◆ WORK REQUIRED: Each line in the material below, starting at the one that contains "ದೇವಾಲಯದ ಬಳಿ ಅಮಾನವೀಯ" and ending at the one that contains "Ultrazvučna pretraga: Ocjena faze", should be repeated exactly; the pictures should not.

◆ GIVEN ENTRIES:
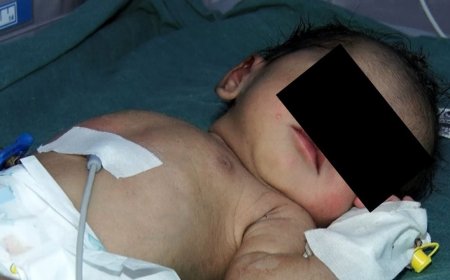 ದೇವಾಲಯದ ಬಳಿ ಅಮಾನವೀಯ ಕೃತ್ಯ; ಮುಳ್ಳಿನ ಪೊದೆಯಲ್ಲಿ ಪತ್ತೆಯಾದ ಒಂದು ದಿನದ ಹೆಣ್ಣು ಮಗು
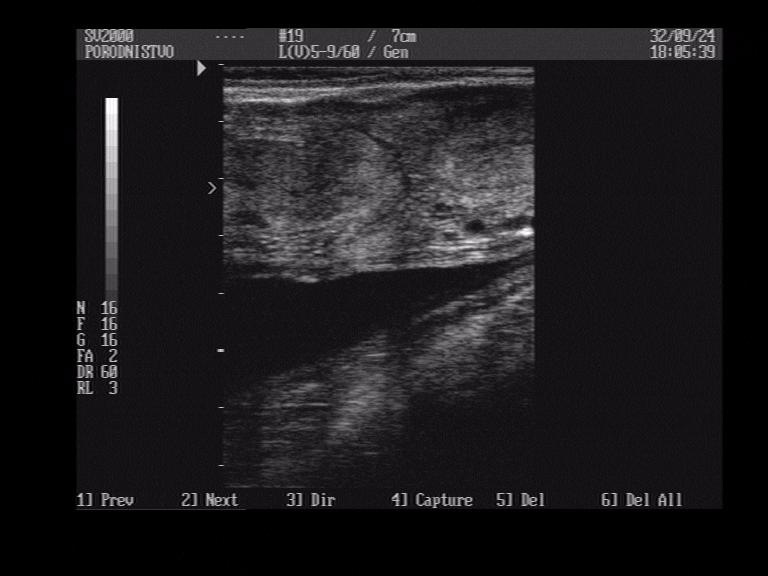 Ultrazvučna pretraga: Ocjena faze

==

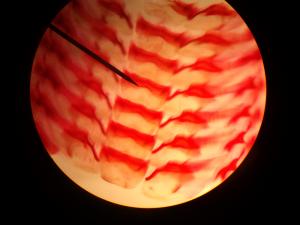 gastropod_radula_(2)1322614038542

==

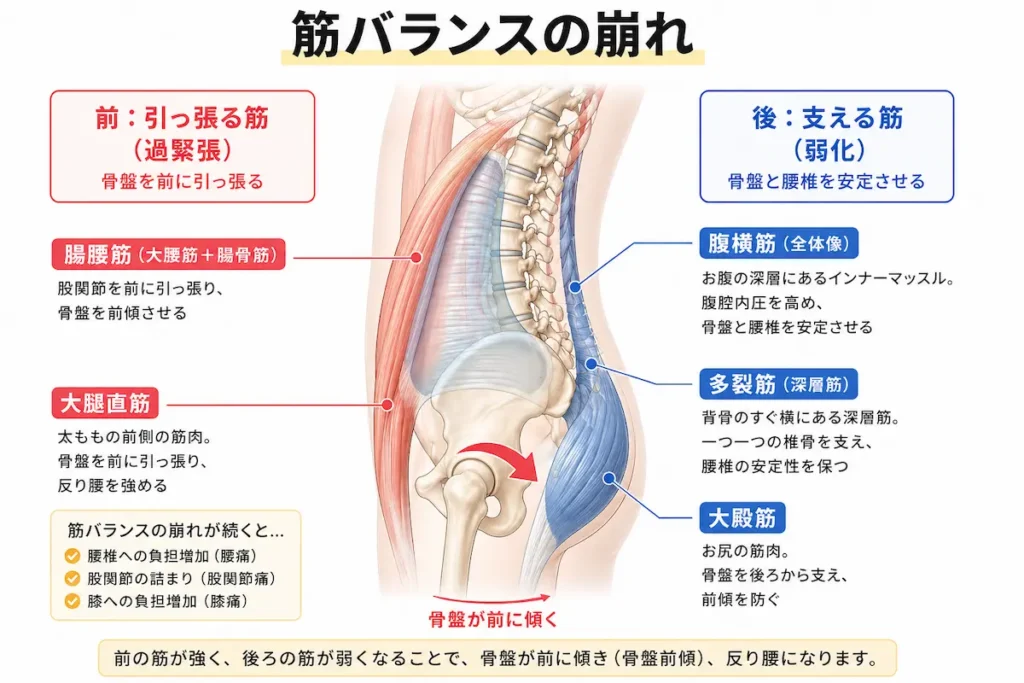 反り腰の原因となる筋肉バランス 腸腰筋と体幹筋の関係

◆ YOUR SOLUTION:
 ದೇವಾಲಯದ ಬಳಿ ಅಮಾನವೀಯ ಕೃತ್ಯ; ಮುಳ್ಳಿನ ಪೊದೆಯಲ್ಲಿ ಪತ್ತೆಯಾದ ಒಂದು ದಿನದ ಹೆಣ್ಣು ಮಗು
 Ultrazvučna pretraga: Ocjena faze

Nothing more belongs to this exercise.